John Rickard: Logistics With a Human Touch

Try this logistics experiment: Drop packages of food from a helicopter onto a field filled with football and rugby players and see if anyone gets hurt.

That’s the exercise John Rickard and his associates at the relief agency International Rescue Committee (IRC) conducted in 1999 while laying plans for a humanitarian mission in the mountains of Kosovo.

With no contacts on the ground to clear a space for dropping pallet-loads of rations, they risked injuring or killing the very refugees they wanted to help.


From that experiment they learned they could drop food safely if they took it off the pallets and got creative.

“We ripped the cartons apart and re-packaged them with just enough plastic wrap to hold the boxes together until they hit the slipstream,” Rickard says.

The wind from the helicopter burst the plastic. “This way, the biggest thing falling to the ground was the rations pack,” he explains.

With the food-drop logistics under control, the IRC just had to keep the North Atlantic Treaty Organization and the local government from shooting the helicopters out of the sky.

All in a day’s work for John Rickard, IRC’s director of logistics. Working from headquarters in New York, Rickard advises IRC logistics coordinators in the organization’s 23 country-based operations around the world.

In the Bush

Rickard got his first taste of logistics in the British Army and learned about “bush logistics” during six years as co-owner of a chain of hotel/restaurants in Benin, West Africa. Bush logistics involves the challenges of “operating in an environment where infrastructure is often non-existent, and time is not usually of the essence,” explains Rickard.

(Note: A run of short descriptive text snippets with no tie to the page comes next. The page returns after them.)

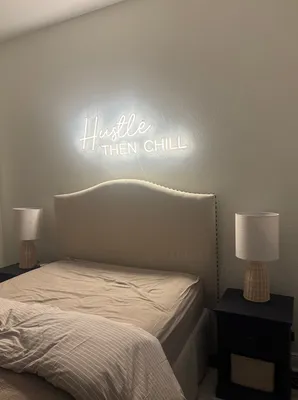 Artwork Neon Sign - Bedroom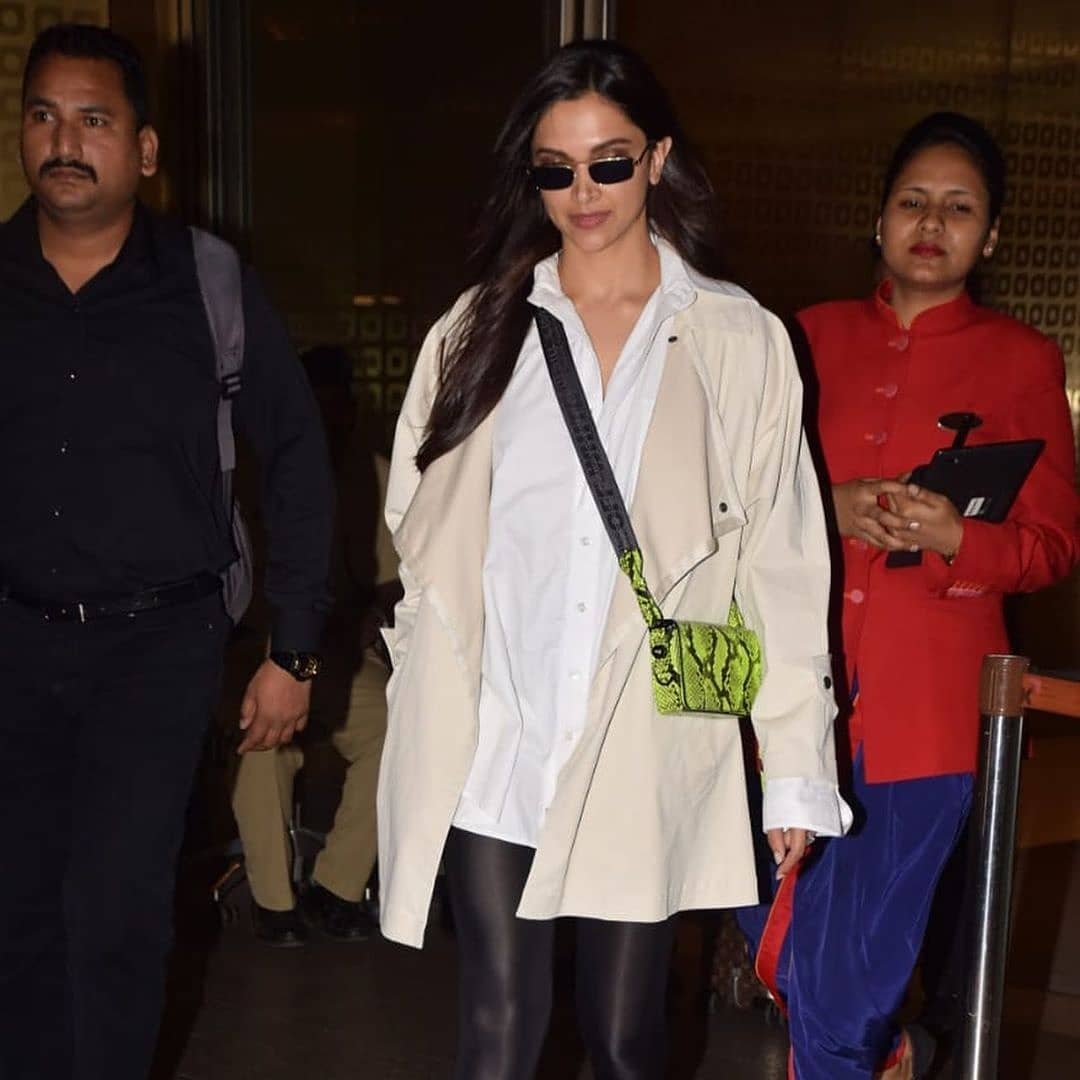 Deepika Padukone In A Free Hair And Casual Dress Look At Airport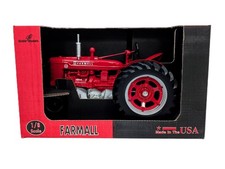1/8 Farmall H  Tractor Narrow Front Collector Series Joseph Ertl Signature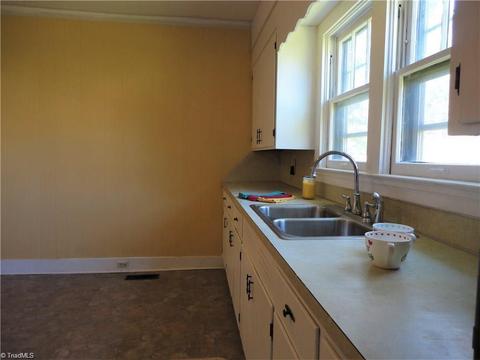 307 Cherry St, Eden, NC 27288 photo 11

One challenge Rickard and other humanitarian logisticians face is integrating supply chain planning into the enterprise. “Humanitarian groups still treat logistics as a necessary evil, as opposed to a business enabler,” Rickard notes.

Challenges develop when relief agencies evolve from tiny organizations managed by volunteers to large organizations run by professionals.

“Getting logistics right is the key to efficiency in most cases. If logistics operations are well-managed, it is easier to complete projects on schedule and eliminate duplicated efforts,” he notes.

Helping the IRC’s different country-based organizations better coordinate logistics activities is a key goal for Rickard. “We still operate in silos. We don’t have a strong understanding of everybody’s role in the supply chain,” he says.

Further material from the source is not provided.